Складывание классической концепции стратегии – уже в силу ее синтетической природы – знаменовало определенный переворот в мировоззрении и культурных ценностях древних китайцев. Суть этих новшеств заключалась в преодолении архаического ритуала с его жесткой регламентацией всех сторон жизни, но таком преодолении, которое вдохновлялось стремлением понять самое существо ритуального действия, осознать истоки и условия культурного творчества. Поэтому война мыслилась китайцами как часть культуры, но в то же время ведение войны в Китае не было связано какими-либо моральными или ритуальными нормами: «На войне как на войне!». В китайском обществе за рамками церемонной учтивости всегда царила свобода асоциального поведения и насилия.

Всякая традиция имеет свой канон, который представлен теми или иными литературными памятниками. Если стратегия есть наука и искусство максимально эффективного действия, каким образом природа такого действия может быть описана и осмыслена, учитывая, что речь идет не о вещи или идее, даже не о сущности, а о наиболее действенном действии, о действии par excellence? Как можно определить «предмет» или «сущность» стратегии, если речь идет о чем-то вечно подвижном, изменчивом, лишенном пределов? Попытки решить этот вопрос наталкиваются на серьезные трудности, ведь здесь приходится постулировать причинно-следственную связь не в природном мире, а в области сознательной деятельности людей. Легко заявить, как делает например К. фон Клаузевиц в своем известном трактате «О войне», что стратегия – это «применение операций в целях войны». Гораздо сложнее показать, каким образом те или иные средства войны позволяют достичь некой внеположной цели, а именно – победы, которая знаменует окончание военных действий.

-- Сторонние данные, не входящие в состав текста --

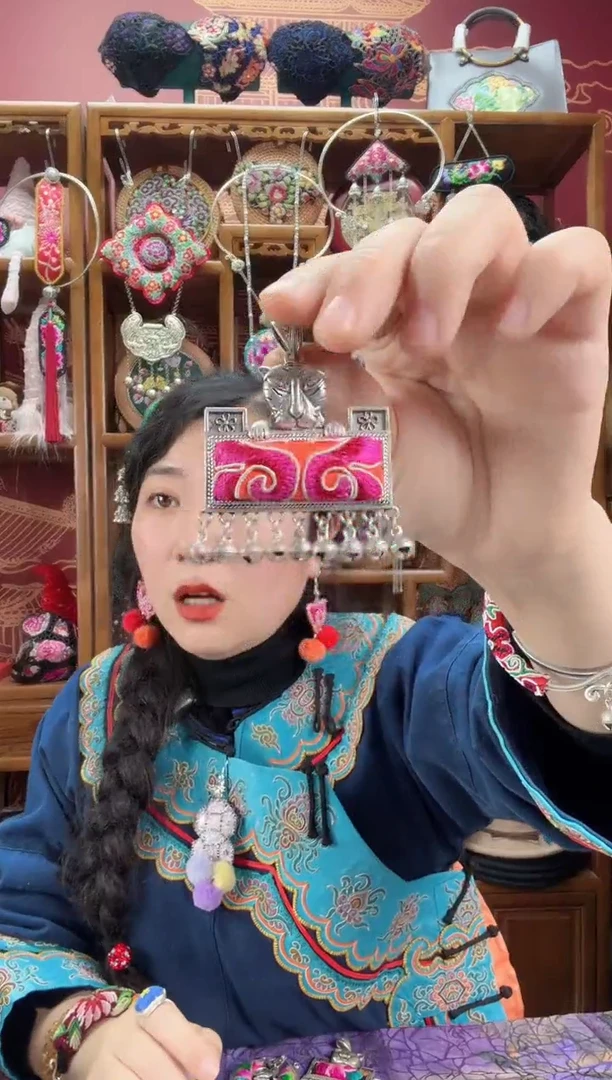 刺绣项链40甜甜家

И сколько бы ни настаивал Клаузевиц на взаимосвязанности всех факторов стратегии – моральных, физических, статистических, географических и проч., – однажды разрушенное формальной логикой живое единство практики невозможно собрать заново. Не случайно в западной литературе много путаницы и неясностей именно в вопросе о соотношении целей стратегии и средств их достижения: одни авторы отдают приоритет целям, другие считают стратегически значимыми в первую очередь правила или нормы отдельных действий.

Коль скоро определить сам предмет стратегии оказывается таким затруднительным делом, разговор о стратегическом каноне – а всякий канон, как уже говорилось, соотносится с определенным текстом – приходится начинать с уяснения особенностей его языка.

В Китае статус главного военного канона с древности приписывали трактату «Сунь-цзы». Именно в этой книге наиболее полно и систематически, а главное – с необычайной выразительностью, обозначены основные принципы и методы китайской стратегии. Примечательно, что, несмотря на свою, казалось бы, чисто практическую значимость, она всегда ценилась китайскими книжниками и как превосходное литературное произведение. Еще в VI веке известный ученый Лю Се, один из основателей китайской традиции литературной критики, заметил, что словесность трактата Сунь-цзы «подобна драгоценной яшме». «Речами благородного мужа» назвал это сочинение ученый сунской эпохи Хуан Чжэньжэнь. Другой ученый того же времени, Чжэн Хоу, писал, что суждения Сунь-цзы «лаконичны, но изящны, просты, но глубокомысленны, все обнимают собою, но применимы к каждому делу». Похвалы неординарные, высвечивающие какую-то ненадуманную, очень естественную парадоксальность или, иными словами, разумную текучесть канонического языка. Ибо эти суждения потому и каноничны, что в них благородная простота и приземленность суждений хранит в себе бездонную глубину смысла. Спустя тринадцать веков ученый Вэй Юань отозвался о книге Сунь-цзы в таких словах: «Его Путь охватывает все сущее, его понимание освещает весь мир, его искусство соединяет небесное и человеческое. Поистине, он выражает великую неизменность перемен!»